We had looked at the fit for the Cubs just before the deadline amid rumors that the Polar Bear was on the trading block, but the thought at the time was that the Mets’ asking price was simply too high. In addition to whatever prospect price New York was seeking, Alonso’s prorated $14.5 million salary would have pushed the Cubs beyond the $233 million CBT threshold. The penalty alone shouldn’t have scared them because we’re talking about a minimal overage, but it complicates matters when you’re already looking at giving up big-time players.
In the end, it may not have made much difference for a Cubs team that needs a pitching upgrade far more than an offensive spark. Though they’ve been one of the best teams in baseball since the break when it comes to scoring runs, their 4.74 team ERA ranks 20th in MLB in the second half and their 5.28 starters’ ERA ranks 26th.
Some of that comes from pitching to Alonso, who almost single-handedly won the two games the Mets took from the Cubs back in Queens earlier this month. Hell, trading for him might have been worth it for that reason alone. Then there’s the matter of his club control, which runs through next season via arbitration. The Cubs have been using Cody Bellinger at first for the most part now that Mike Tauchman has taken over as the everyday leadoff man, but they’ll need a replacement unless they re-sign Bellinger in free agency.
And just a note for anyone who’s looking at Alonso’s .224 average and using that as a reason not to covet him: Stop. He’s got 39 homers and a 134 wRC+, marks that would rank first and second among Cubs hitters this season, and he’s done it while battling a bruised/sprained wrist. Dude’s an elite power hitter the likes of which the Cubs haven’t seen in a long time.
While it’s a moot point because the deal never got done, I think the takeaway here is that Hoyer is willing to aggressively pursue upgrades to the roster this offseason. Pitching needs to be at the top of the list because the only sure thing heading into next year is Justin Steele. Marcus Stroman could opt out and he’s only under contract for one more season if he chooses to stay, and Kyle Hendricks has a $16 million club option that’s looking better all the time.

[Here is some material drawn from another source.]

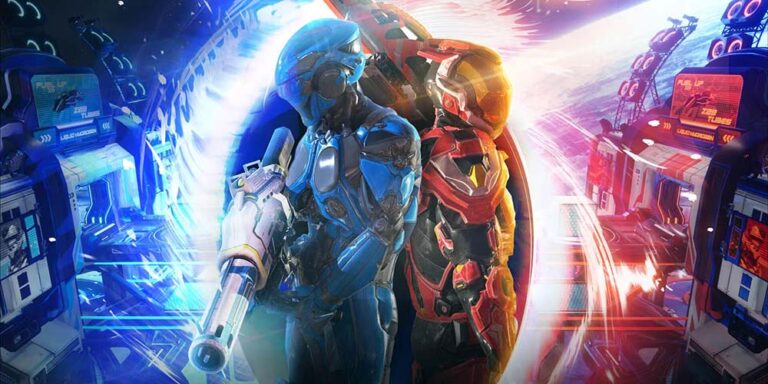 Live service shooter Splitgate is gered door Stop Killing Games, ontwikkelaars geven de controle over aan spelers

Drew Smyly‘s initial $8.5 million guarantee has climbed to $9 million based on performance escalators and could inflate to $11.5 million if he continues to accrue innings, but his double-digit ERA over his last seven starts puts his future in jeopardy. Jameson Taillon is another sure thing in terms of his deal keeping him around, it’s just that the Cubs can’t necessarily count on him as anything more than a No. 4 or 5 starter at this point.
Adding a high-end starter is a must, and replacing Bellinger’s production — whether it’s with Bellinger himself or a top free agent — has to be a priority as well. Without taking their eyes off of the current playoff race, the Cubs need to be planning for what’s next.